Szczególnym miejscem modlitwy Mojżesza
była Góra Synaj. Kiedy dowiedział się o bałwochwalstwie swego ludu, spodziewał
się kary ze strony Stwórcy. Obraz Boga, jaki nosił w swoim sercu spowodował, że
bał się Jego gniewu, dlatego modlił się: Odwróć
zapalczywość Twego gniewu i zaniechaj zła, jakie chcesz zesłać na Twój lud (Wj
32,12). Jego dialog ze Stwórcą był więc
dramatyczny. W swej obronnej argumentacji prorok przywołał miłość, wierność i
chwałę Najwyższego. Przede wszystkim chciał, by Bóg pamiętał o obietnicy danej
przodkom: Wspomnij na Abrahama, Izaaka i
Izraela, Twoje sługi, którym przysiągłeś na samego siebie, mówiąc do nich: «Uczynię
potomstwo wasze tak liczne jak gwiazdy niebieskie, i całą ziemię, o której
mówiłem, dam waszym potomkom, i posiądą ją na wieki!» (Wj 32,13). Po tej duchowej
walce Mojżesz otrzymał światło i pokój wewnętrzny, iż lud nie będzie ukarany. W
Biblii zostało to ujęte w podsumowującym zdaniu: Wówczas to Pan zaniechał zła, jakie zamierzał zesłać na swój lud (Wj
32,12). Zapis ten deformuje jednak prawdziwy obraz Boga. Można bowiem odnieść
wrażenie, że Mojżesz (jako „zwinny adwokat” ludu) przekonał surowego Boga-Władcę
o tym, żeby Ten przebaczył Izraelitom. Jak to wyjaśnić? Zapis powstał na miarę panującej
mentalności oraz stopnia dojrzałości duchowej autora (-ów) biblijnych. Pozornie wygląda na to, że Bóg zmienił
zdanie, a tak naprawdę to Mojżesz zmienił swoją opinię o Bogu: w Bogu
zagniewanym odkrył Boga przebaczającego. (…) Mojżesz podczas modlitwy odkrył prawdziwe
oblicze Boga i potrafił właściwie odczytać grzech swojego ludu.[1]

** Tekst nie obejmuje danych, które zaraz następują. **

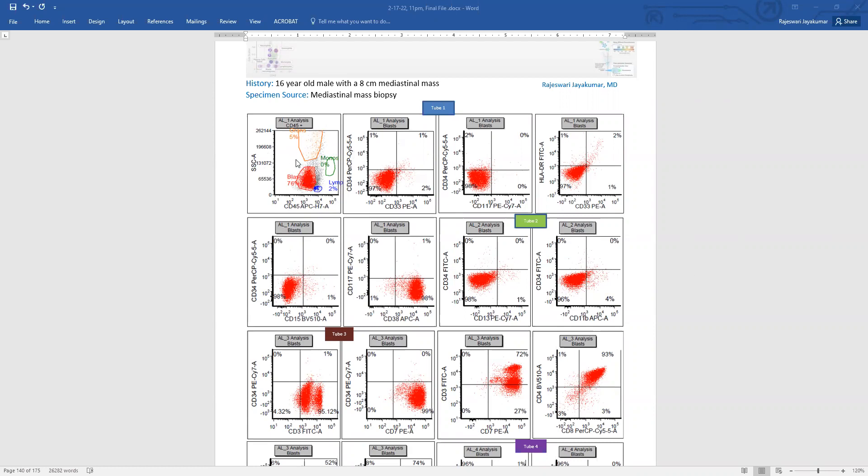There are a few cells in the granulocyte gate, which are defined by a high side scatter and dimmer CD45, then lymphocytes and monocytes. We do have very little lymphocytes here, which have bright CD45 and low side scatter, essentially no monocytes.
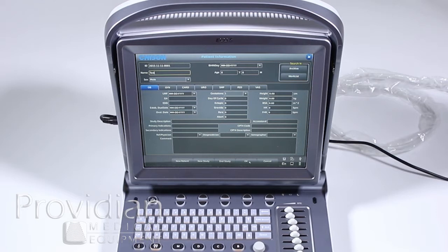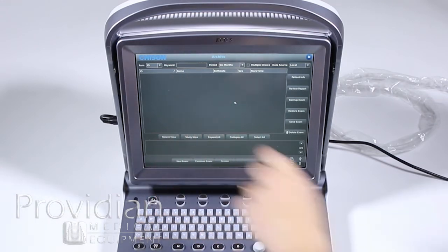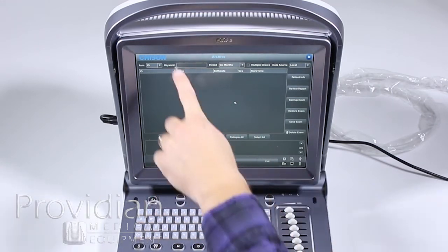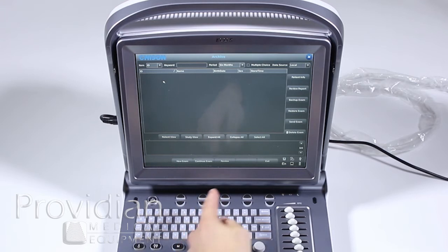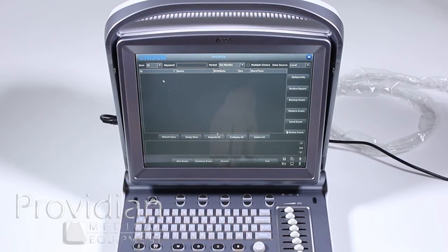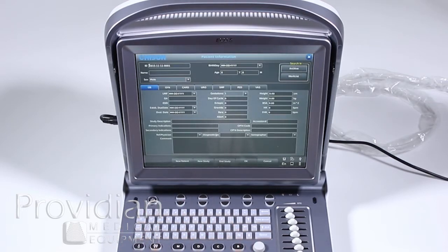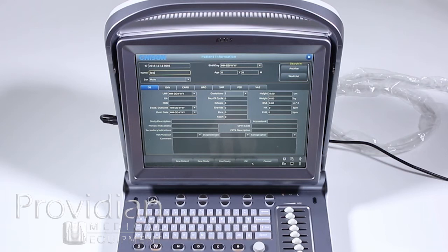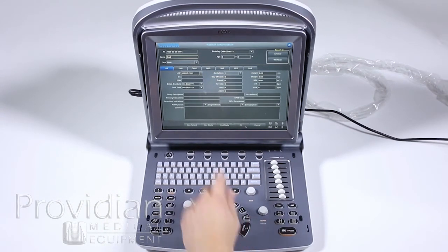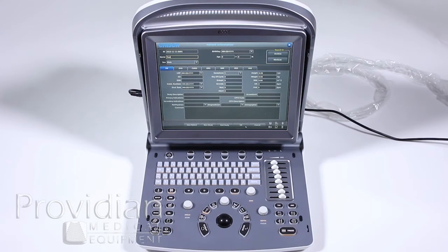There's also a way to select previous exams by going to the archive. This is a new system so it doesn't have any patients on it, but it would let you click on a patient to start a new exam or continue an existing one. Since we're doing a new patient, I'll exit and start a new patient again. All the system really needs is the patient ID, though a name is a good idea. Click OK to proceed.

Współczesnym Mojżeszem jest nie tylko ten,
kto modli się żarliwie prosząc Boga o pomoc w ważnych sprawach społecznych.
Jest nim przede wszystkim człowiek, który podczas modlitwy otwiera serce na
łaskę i, poddając się Duchowi Świętemu, przemienia swoje myśli i życie (metanoia).
Pozdrawiam,
Marta.
[1]
O. Jerzy W. Gogola, Od objawienia do zjednoczenia. Wykład
teologii modlitwy, Wyd. Karmelitów Bosych, Kraków 2005, s. 44.